On a visit several years ago to Memphis, TN, Jeanne and I had the opportunity to visit the U.S. Civil Rights Museum. The museum is located in the Loraine Motel building where Dr. Martin Luther King, Jr. was assassinated in 1968.

Should you get a chance to go there, pay no attention to the tourist brochures which say the tour takes one and a half hours. Plan on at least three hours. What you see there will cause you, many times, to pause and reflect on what our nation and its people have gone through since the signing of the Declaration of Independence.

On April 4, 1968, James Earl Ray fired one shot from a rifle that killed Dr.

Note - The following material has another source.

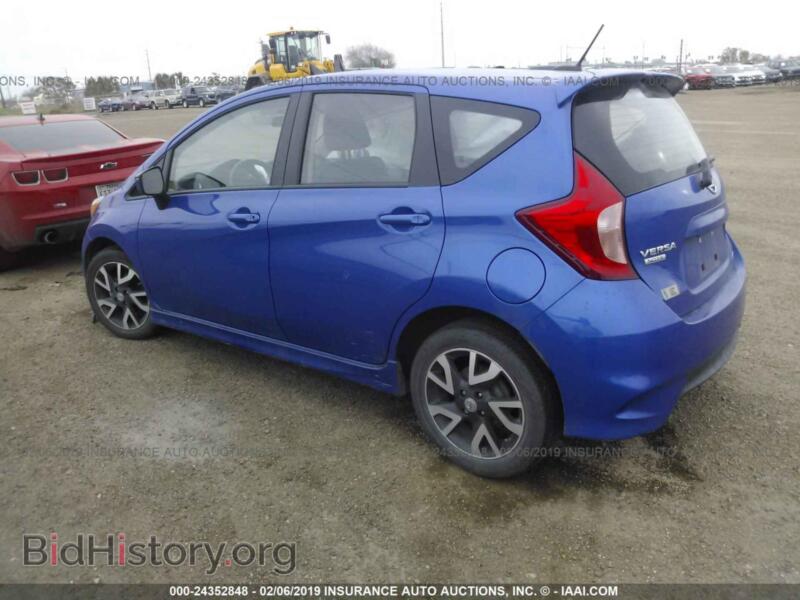 2016 Nissan VERSA NOTE (VIN 3N1CE2CP9GL365666) — photo 3 of 10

King as he was standing on the second floor balcony of the Loraine Motel.

Ray had taken a room on the second floor of a boarding house located on a small hill across the street from the motel.

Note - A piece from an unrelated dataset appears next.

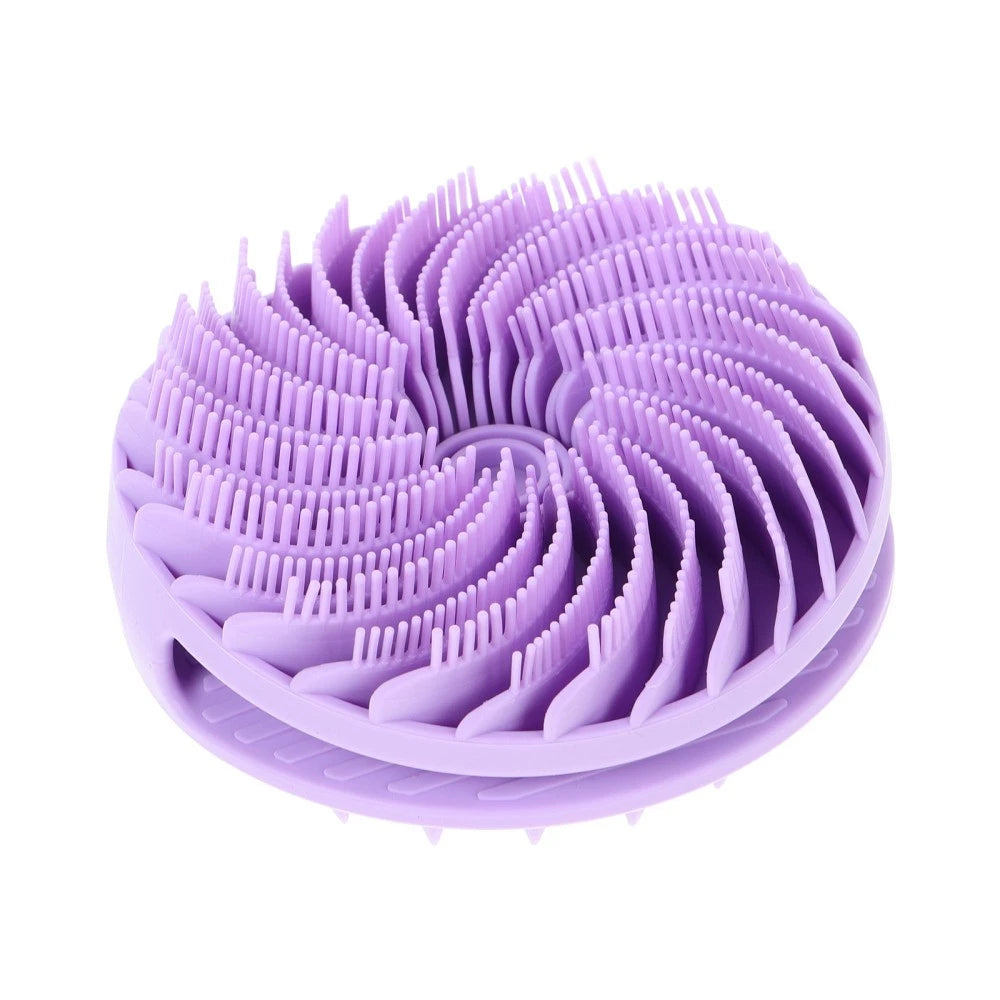 Exfoliating Bath Brush Woman Body Scrubber Exfoliator with Handle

Entering the boarding house museum, I was immediately struck by the location of the entrance. The entrance is from street level behind the boarding house. To get inside, you enter from underground.

Once inside, there are many displays of photographs and an electronic ‘crawl’ that gives quotes from many important people about Dr. King’s life and his untimely death.

From there, you can climb the two flights of stairs to the second floor. At the top, you are blocked from going further. But, you get a brief look at what is up there.

After going back down, the elevator takes you up to the displays on the second floor.

RELATED: A Visit To The Vietnam Memorial: What’s In A Name?

The bedroom and bathroom of Ray’s room have been restored to the way they were on that day. There are FBI photos of the rooms posted so that you can see that they are ‘as they were’. The rooms are sealed behind Plexiglas walls.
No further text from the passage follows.